**TASK ITEM**. Please give back only the lines below from the one containing "Melting Metal Dangle" to the one containing "Whiskey Cocktail Kit", each repeated word for word, both ends included.

______________________________

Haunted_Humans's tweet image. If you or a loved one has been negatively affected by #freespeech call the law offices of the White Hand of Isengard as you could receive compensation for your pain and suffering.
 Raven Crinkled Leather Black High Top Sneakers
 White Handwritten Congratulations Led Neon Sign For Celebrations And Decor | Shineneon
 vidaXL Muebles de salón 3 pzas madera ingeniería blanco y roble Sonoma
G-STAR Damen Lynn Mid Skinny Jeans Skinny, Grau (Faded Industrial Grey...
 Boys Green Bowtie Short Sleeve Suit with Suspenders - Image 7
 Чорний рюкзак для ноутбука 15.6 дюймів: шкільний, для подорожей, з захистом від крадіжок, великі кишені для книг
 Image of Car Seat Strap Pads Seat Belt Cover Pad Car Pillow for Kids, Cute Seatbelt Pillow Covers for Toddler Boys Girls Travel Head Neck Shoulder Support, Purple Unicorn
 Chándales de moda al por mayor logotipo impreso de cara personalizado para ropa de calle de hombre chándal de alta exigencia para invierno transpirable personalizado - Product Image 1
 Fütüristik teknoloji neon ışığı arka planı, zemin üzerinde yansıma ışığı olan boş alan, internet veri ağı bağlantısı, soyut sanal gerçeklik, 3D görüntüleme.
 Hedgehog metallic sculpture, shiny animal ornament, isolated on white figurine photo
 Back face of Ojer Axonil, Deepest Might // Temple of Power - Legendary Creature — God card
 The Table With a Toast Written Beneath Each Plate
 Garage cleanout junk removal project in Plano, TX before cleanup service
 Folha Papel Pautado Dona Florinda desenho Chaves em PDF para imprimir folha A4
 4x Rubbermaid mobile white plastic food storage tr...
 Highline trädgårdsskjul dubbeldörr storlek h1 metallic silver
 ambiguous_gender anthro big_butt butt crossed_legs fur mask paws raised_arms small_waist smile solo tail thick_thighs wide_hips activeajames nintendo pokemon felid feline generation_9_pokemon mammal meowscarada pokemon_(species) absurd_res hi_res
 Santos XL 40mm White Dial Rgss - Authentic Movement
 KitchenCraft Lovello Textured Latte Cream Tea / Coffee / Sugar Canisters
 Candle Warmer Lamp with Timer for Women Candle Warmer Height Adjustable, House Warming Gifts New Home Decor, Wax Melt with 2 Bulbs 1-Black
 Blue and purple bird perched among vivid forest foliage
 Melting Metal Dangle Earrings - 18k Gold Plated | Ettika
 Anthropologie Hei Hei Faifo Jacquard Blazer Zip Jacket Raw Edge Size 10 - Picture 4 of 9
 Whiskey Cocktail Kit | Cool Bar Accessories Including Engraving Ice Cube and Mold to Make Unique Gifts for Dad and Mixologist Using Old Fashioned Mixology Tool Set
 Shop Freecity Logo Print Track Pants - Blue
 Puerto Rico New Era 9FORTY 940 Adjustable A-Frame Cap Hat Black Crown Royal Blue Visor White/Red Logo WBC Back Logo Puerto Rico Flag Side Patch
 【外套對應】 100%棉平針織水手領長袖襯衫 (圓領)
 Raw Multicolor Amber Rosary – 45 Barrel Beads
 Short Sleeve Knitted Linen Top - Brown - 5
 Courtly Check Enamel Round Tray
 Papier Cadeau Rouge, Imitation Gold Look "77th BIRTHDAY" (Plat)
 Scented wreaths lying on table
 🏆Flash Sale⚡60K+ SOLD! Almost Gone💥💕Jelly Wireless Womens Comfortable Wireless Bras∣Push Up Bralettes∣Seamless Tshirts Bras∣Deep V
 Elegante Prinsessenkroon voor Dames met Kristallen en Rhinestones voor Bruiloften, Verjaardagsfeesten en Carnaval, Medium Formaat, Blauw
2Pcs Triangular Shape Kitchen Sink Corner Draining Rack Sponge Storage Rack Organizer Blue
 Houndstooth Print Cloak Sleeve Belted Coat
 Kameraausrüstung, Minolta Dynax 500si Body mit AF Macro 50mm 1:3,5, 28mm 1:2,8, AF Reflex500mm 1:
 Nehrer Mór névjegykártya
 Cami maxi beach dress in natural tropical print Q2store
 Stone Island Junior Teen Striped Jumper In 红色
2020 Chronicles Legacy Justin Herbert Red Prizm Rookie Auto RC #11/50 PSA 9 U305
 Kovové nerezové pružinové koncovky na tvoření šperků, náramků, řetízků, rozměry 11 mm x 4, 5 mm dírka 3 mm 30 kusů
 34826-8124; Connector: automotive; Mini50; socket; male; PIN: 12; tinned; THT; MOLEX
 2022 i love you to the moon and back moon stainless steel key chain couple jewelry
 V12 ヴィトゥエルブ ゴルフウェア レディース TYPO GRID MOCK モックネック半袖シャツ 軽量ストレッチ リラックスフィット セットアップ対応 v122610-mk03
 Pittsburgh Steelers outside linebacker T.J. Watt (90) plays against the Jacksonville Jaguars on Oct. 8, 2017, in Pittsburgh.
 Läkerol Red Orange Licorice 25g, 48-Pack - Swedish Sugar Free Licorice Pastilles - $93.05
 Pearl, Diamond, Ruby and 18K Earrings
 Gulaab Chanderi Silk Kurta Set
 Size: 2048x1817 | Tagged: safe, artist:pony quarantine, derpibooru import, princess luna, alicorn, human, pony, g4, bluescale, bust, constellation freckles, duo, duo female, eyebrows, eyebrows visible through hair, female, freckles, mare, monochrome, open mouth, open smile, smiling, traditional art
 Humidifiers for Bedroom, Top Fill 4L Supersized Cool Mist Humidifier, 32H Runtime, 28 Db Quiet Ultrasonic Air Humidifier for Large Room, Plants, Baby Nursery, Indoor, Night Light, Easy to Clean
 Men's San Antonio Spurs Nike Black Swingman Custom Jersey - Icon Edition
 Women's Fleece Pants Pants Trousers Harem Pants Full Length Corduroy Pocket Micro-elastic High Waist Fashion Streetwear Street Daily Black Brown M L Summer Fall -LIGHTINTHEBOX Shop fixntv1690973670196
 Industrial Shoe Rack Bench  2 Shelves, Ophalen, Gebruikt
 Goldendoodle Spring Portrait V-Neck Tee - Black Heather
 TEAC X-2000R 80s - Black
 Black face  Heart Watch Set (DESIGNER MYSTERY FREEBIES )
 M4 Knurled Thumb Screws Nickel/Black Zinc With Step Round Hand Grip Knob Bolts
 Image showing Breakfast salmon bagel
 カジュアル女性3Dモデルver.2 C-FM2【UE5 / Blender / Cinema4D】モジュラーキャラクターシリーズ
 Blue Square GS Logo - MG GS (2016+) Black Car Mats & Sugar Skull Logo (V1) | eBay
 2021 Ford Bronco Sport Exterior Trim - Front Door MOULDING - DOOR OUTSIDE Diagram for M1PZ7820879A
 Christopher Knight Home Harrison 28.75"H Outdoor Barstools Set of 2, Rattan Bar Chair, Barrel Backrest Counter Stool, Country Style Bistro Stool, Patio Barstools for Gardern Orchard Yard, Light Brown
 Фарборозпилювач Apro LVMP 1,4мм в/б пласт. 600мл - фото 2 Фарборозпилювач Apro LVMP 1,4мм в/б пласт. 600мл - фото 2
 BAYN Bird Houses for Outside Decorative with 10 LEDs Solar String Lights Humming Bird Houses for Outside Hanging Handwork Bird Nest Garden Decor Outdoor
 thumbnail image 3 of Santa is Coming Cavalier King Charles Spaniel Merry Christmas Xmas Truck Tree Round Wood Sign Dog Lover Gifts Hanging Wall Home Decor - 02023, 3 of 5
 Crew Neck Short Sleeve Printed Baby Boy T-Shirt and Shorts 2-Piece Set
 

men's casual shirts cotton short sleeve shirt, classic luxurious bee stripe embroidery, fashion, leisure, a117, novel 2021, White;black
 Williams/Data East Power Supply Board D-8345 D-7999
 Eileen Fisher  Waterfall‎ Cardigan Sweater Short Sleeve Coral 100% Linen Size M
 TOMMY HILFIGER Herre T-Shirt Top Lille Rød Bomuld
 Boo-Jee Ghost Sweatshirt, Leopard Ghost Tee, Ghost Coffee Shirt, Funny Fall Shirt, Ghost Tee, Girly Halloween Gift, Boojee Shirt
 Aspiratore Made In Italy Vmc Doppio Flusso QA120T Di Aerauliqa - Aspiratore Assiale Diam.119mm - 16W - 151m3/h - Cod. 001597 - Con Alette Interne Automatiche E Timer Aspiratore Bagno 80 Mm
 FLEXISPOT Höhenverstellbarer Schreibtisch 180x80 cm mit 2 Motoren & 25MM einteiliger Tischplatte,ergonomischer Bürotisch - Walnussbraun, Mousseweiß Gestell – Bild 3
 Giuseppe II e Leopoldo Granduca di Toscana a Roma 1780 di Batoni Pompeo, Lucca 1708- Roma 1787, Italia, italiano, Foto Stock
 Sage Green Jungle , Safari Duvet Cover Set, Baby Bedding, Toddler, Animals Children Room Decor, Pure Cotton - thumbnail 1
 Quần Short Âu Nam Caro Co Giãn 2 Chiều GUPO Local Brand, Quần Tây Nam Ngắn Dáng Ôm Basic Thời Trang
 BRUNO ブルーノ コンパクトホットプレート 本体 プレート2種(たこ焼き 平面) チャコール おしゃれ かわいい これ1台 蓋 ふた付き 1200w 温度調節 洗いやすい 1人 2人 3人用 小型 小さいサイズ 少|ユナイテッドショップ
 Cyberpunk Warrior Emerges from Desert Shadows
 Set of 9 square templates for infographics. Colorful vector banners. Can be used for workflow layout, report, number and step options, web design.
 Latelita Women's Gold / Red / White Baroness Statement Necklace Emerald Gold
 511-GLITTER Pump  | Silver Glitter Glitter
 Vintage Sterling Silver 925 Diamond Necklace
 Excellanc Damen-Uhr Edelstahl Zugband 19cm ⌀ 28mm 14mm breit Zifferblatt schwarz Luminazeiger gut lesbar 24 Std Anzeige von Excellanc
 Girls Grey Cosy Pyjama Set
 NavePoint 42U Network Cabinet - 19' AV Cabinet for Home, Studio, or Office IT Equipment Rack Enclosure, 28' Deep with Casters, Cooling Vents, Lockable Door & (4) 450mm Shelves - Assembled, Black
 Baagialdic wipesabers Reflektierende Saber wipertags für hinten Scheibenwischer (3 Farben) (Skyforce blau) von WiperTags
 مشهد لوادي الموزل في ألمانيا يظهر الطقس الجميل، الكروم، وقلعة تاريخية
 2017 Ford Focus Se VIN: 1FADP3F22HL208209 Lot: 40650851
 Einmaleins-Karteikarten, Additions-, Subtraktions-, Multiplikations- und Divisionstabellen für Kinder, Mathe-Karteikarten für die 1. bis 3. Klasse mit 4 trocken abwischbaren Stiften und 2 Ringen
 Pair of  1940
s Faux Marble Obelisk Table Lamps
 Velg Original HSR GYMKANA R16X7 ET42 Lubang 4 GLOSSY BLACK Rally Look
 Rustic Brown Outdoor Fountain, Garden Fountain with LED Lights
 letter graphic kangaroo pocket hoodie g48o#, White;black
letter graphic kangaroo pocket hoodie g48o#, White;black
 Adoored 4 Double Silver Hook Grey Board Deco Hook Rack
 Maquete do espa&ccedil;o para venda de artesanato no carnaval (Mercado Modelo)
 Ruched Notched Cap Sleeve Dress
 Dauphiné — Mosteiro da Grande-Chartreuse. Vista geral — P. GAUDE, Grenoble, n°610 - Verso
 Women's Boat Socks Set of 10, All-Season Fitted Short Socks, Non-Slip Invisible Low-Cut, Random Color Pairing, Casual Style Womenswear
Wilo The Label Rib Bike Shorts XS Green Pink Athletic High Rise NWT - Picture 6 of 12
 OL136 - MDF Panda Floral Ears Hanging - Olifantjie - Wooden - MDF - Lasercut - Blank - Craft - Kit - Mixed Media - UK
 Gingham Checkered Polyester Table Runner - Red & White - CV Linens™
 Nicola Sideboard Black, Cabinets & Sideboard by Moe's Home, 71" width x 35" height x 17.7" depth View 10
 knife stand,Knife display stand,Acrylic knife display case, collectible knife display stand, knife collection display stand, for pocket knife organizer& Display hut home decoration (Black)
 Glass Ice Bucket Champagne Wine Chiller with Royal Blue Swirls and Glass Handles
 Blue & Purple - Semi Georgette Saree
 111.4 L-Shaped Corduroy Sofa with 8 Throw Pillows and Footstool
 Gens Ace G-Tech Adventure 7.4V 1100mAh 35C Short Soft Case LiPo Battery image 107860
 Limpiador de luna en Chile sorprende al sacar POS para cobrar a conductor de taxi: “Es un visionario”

______________________________

**REPLY**.
 Melting Metal Dangle Earrings - 18k Gold Plated | Ettika
 Anthropologie Hei Hei Faifo Jacquard Blazer Zip Jacket Raw Edge Size 10 - Picture 4 of 9
 Whiskey Cocktail Kit | Cool Bar Accessories Including Engraving Ice Cube and Mold to Make Unique Gifts for Dad and Mixologist Using Old Fashioned Mixology Tool Set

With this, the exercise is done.